Yemen, still, remains a space where local, regional, and global interests intertwine. The Saudi Coalition, the Houthis, and various local formations act under the influence of various foreign policy agendas of Iran, the US, and Great Britain, thus creating one of the most challenging environments for humanitarian interventions. The access to the terrain turns out to be necessary, but insufficient; the stability can be achieved only through combining economic, health, and infrastructural components with political mediation. In many cases, the key partners are not formal institutions, but local governments and tribal structures, which represent the only sustainable mechanism of distribution of aid.
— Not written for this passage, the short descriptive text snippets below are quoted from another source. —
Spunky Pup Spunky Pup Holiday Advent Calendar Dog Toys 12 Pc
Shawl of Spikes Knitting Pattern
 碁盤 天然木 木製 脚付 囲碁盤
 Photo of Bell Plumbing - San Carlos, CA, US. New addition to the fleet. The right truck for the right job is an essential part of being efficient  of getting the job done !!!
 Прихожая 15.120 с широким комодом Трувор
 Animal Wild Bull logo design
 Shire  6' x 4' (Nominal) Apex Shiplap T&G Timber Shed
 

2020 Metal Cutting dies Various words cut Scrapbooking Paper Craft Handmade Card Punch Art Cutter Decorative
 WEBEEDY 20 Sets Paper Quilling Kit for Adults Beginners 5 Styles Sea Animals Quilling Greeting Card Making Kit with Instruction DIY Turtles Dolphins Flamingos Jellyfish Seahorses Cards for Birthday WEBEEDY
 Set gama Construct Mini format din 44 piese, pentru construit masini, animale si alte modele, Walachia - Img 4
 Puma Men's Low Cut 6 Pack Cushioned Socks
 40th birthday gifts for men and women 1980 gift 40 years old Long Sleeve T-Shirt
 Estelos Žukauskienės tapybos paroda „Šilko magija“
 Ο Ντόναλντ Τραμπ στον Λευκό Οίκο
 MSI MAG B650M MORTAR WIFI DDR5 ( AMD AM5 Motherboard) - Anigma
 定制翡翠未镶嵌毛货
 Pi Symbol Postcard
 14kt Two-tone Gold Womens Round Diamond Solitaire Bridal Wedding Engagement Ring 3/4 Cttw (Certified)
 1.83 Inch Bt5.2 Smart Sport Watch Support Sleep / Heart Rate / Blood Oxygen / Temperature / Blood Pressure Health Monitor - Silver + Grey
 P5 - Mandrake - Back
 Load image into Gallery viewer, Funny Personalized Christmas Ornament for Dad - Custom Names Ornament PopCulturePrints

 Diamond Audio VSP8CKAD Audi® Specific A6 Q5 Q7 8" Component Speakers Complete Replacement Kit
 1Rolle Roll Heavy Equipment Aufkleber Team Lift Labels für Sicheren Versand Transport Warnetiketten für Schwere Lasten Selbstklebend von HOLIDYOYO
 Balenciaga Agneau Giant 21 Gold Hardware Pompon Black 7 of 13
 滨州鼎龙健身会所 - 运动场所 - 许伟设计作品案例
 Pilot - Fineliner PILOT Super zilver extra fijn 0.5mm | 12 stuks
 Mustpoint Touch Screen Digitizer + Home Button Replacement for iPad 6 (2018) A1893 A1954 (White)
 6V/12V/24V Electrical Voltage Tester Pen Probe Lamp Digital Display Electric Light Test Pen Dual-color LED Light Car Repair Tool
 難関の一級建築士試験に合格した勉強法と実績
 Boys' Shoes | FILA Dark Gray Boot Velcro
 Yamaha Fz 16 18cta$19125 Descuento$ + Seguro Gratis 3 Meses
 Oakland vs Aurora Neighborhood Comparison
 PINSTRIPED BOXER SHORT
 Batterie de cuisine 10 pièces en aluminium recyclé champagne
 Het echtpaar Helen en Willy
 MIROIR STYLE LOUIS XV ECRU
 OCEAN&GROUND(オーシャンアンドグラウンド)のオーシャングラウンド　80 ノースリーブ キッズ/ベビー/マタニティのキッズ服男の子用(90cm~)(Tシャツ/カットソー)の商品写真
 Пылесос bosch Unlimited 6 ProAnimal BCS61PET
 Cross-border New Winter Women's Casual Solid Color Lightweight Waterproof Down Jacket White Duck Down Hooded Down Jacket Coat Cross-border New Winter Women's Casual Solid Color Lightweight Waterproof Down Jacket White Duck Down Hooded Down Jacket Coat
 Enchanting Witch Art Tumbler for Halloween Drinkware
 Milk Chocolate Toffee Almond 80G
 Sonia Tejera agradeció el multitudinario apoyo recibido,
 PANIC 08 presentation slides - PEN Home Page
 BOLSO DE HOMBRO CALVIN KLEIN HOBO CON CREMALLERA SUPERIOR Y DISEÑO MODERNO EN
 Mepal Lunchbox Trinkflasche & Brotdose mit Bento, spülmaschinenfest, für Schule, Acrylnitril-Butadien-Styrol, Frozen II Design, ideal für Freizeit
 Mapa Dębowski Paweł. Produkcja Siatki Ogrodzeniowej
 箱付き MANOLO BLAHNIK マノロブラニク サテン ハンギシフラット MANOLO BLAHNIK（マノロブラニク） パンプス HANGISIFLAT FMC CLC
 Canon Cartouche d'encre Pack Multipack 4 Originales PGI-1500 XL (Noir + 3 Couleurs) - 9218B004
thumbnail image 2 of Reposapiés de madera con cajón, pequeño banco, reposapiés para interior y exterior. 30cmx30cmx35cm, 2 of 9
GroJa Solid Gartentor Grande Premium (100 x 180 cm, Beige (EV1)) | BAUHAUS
After the overthrow of al-Assad at the end of 2024, the southern part of Syria entered a period of decentralization, in which local institutions are filling the vacuum of state government. Local actors, such as the Druze in the south, are showing that the humanitarian policy can function more efficiently when it relies on locally rooted mechanisms. Such an approach enables better logistics, a more natural system of maintaining peace in the community, but also the combination of humanitarian and developmental programs with the government stabilization processes. Still, the region remains burdened with internal cleavages, competition from foreign actors, and a chronic lack of resources for maintaining infrastructure.

The analysis of these three cases shows that humanitarian intervention in contemporary conflicts must be firmly linked with a political and strategic framework because isolated action necessarily reduces its efficiency. The key to stability lies in local actors, whose inclusion in the distribution and resource management is increasing legitimacy and, in the long term, maintaining the results of humanitarian programs. At the same time, the success depends on the multi-dimensional approach that unifies humanitarian, economic, security, and developmental elements, with constant preparedness to adjustment, because contemporary conflicts rarely allow the application of a unique model.

Finally, it is indicative that contemporary humanitarian policies must make a link between pragmatism and strategy, relying on the cooperation between the local structures, international institutions, and regional interests. Gaza, Yemen, and the southern part of Syria, thus, become the key examples that show that humanitarian efficiency cannot be separated from political calculations and the wider geopolitical framework.